Stored items from a collection

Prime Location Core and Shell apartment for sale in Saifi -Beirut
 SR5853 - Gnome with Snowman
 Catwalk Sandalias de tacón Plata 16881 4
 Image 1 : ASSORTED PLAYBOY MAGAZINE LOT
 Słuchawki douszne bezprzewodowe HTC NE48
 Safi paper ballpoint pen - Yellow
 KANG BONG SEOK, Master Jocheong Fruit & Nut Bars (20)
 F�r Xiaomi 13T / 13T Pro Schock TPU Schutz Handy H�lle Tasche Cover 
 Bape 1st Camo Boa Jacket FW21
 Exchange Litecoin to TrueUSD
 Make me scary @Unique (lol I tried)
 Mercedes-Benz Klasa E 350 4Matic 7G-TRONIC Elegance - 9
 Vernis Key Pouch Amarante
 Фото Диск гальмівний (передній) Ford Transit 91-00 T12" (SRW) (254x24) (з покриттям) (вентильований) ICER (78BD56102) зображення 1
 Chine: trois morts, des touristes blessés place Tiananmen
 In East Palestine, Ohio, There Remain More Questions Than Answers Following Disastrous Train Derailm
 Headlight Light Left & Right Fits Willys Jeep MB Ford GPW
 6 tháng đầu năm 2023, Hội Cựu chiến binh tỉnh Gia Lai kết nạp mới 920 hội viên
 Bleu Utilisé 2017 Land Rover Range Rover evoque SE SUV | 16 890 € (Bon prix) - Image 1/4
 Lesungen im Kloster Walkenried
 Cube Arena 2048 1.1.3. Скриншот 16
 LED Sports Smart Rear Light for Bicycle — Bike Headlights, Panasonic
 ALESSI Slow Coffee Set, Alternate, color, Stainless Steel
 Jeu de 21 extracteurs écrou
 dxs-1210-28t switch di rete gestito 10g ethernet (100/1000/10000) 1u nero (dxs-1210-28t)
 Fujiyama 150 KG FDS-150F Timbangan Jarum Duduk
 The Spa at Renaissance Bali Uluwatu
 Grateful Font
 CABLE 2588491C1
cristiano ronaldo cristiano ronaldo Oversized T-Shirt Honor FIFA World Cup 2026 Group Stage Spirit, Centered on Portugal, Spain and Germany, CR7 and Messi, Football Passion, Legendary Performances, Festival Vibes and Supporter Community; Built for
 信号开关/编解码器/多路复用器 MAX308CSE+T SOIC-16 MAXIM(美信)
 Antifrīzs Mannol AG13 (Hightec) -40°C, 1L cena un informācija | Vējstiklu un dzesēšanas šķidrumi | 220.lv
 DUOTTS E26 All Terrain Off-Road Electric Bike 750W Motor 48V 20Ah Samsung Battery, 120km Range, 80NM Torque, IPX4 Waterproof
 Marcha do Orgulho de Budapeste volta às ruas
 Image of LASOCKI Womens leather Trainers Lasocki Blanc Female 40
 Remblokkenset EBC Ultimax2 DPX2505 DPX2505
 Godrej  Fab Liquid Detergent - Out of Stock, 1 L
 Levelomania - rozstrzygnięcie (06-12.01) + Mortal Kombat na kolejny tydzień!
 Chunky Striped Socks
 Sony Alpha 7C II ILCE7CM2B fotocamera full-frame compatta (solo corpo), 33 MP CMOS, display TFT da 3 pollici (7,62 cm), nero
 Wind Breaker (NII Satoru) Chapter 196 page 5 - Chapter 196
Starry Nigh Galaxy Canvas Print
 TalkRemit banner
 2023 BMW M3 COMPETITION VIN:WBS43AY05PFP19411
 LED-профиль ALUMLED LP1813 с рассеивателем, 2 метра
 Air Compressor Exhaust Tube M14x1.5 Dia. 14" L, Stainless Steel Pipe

-- Task prompt --
Repeat exactly the lines starting at the line with "LED-профиль ALUMLED LP1813" and ending with the final line of the entries. Include nothing else.

-- Solution below --
 LED-профиль ALUMLED LP1813 с рассеивателем, 2 метра
 Air Compressor Exhaust Tube M14x1.5 Dia. 14" L, Stainless Steel Pipe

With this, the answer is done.